Licensed practical nurses, registered nurses, and other healthcare team professionals very seldom have training and expertise when it comes to communication with elders, and elderspeak is often used incorrectly. Shorter sentences appear to have a beneficial effect on older adults' communication, but factors of elderspeak such as slow speech and exaggerated pitch tend to make older persons feel worse about their own competency and the competency of the speaker. However, younger adults continue to use elderspeak with these characteristics. Elderspeak often fails to improve communication effectiveness for older adults, and the messages inherent in elderspeak may unknowingly reinforce dependency and engender isolation and depression, contributing to the spiral of decline in physical, cognitive, and functional status common in elderly individuals.

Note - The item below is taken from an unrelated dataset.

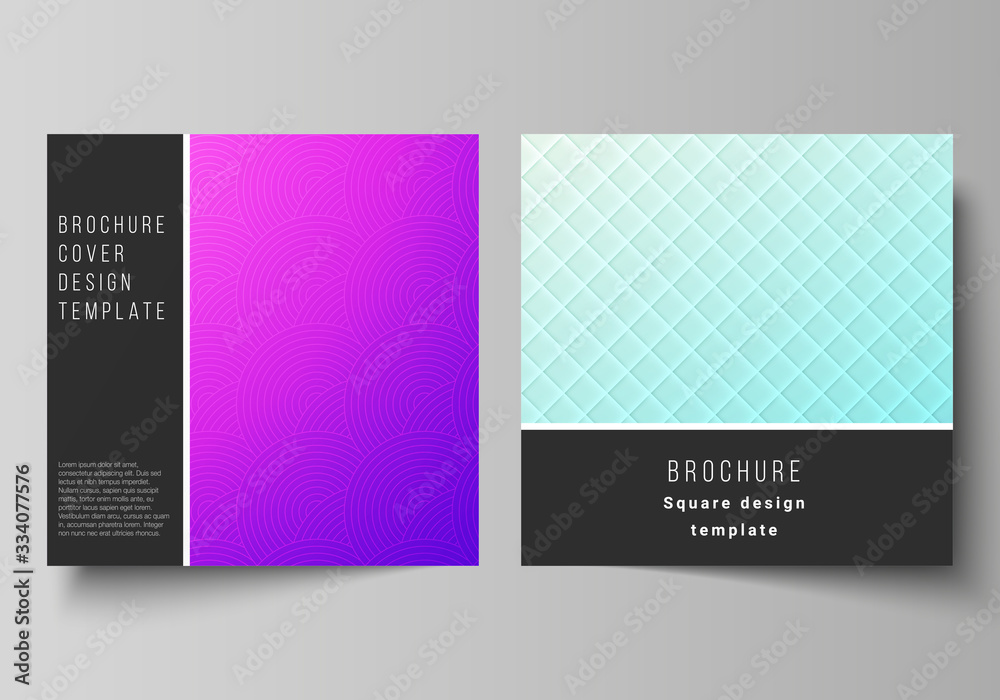 The minimal vector illustration of editable layout of two square format covers design templates for brochure, flyer, magazine. Abstract geometric pattern with colorful gradient business background.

=== Strategies to reduce elderspeak ===
The use of elderspeak from medical professionals can be significantly reduced through intervention and communication training. Computer-assisted behavioral analysis of elderspeak serves as one comprehensive and valid method, as it is capable of capturing both verbal and nonverbal features of communication. However, one study in 2017 found the technology for behavioral analysis to be expensive, time-consuming to create, and in need of further development. Additionally, research regarding elderspeak tends to be centered on non-naturalistic data (i.e. fictional scenarios) rather than actual observed interactions between younger and older peoples, possibly resulting in inaccurate conclusions about elderspeak. To reduce elderspeak from caregivers and community members, linguistic strategies can include jokes, narratives, and prayers, as these methods do not necessarily require responses from the older party, but nonetheless provide emotional and social engagement, effectively humanizing older persons even when communicative challenges are involved.